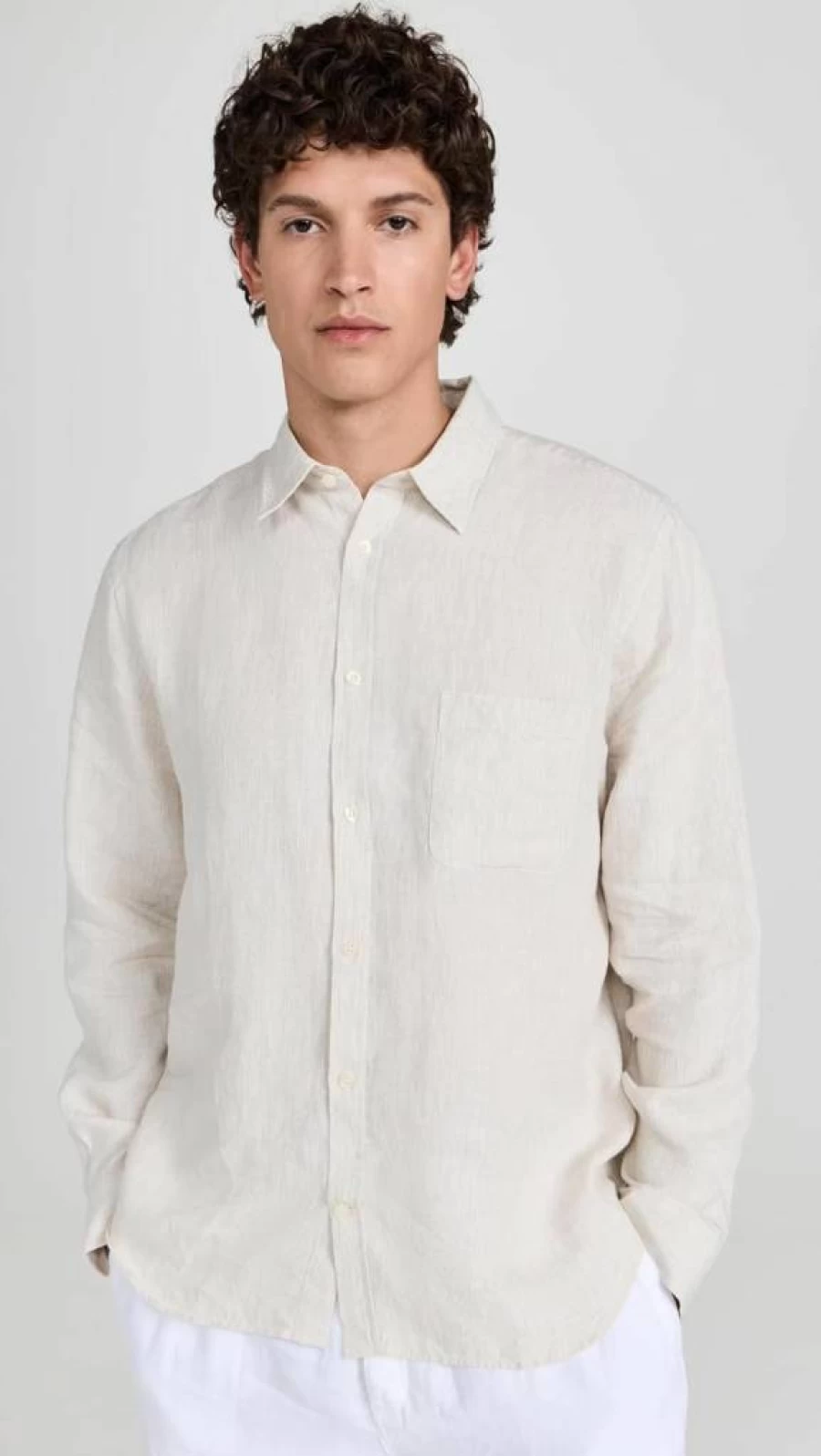 Frescobol Carioca Men's Relaxed Fit Linen Striped Shirt - Breathable Summer Casual Tee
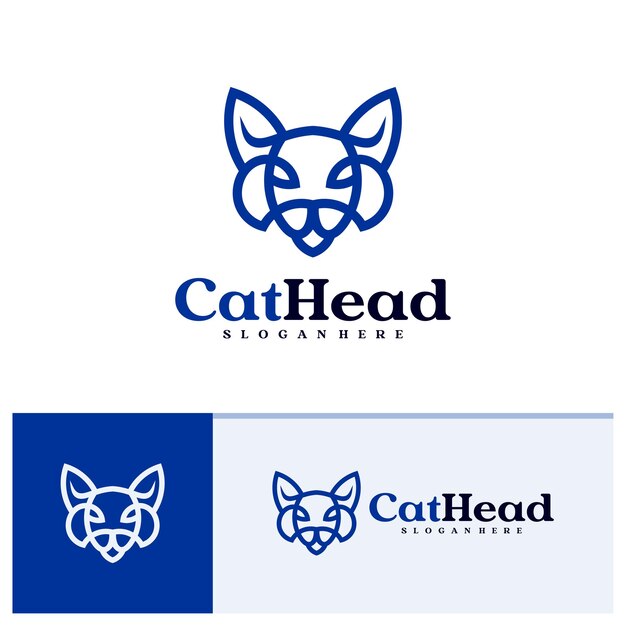 plantilla vectorial del logotipo de Cat Conceptos de diseño de la cabeza del logotipo creativo de Cat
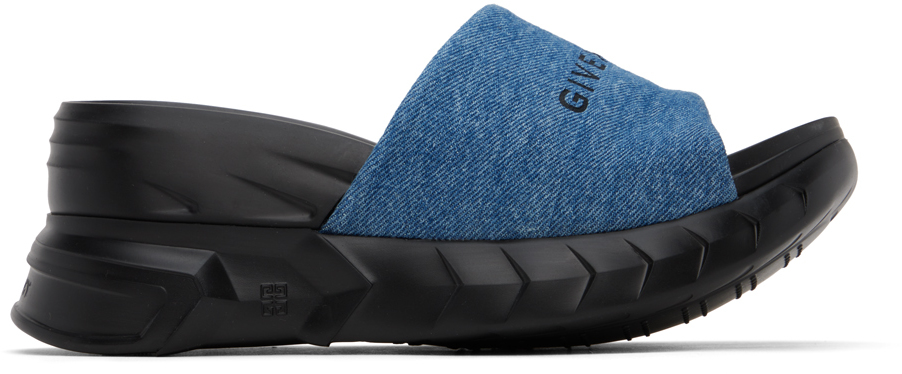 Shop Givenchy Black & Blue Marshmallow Heeled Sandals In 420-medium Blue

## Description of the task
Everything from the line containing "plantilla vectorial del" through the final line of the material must be set down exactly, except the pictures.

## Written response
 plantilla vectorial del logotipo de Cat Conceptos de diseño de la cabeza del logotipo creativo de Cat
 Shop Givenchy Black & Blue Marshmallow Heeled Sandals In 420-medium Blue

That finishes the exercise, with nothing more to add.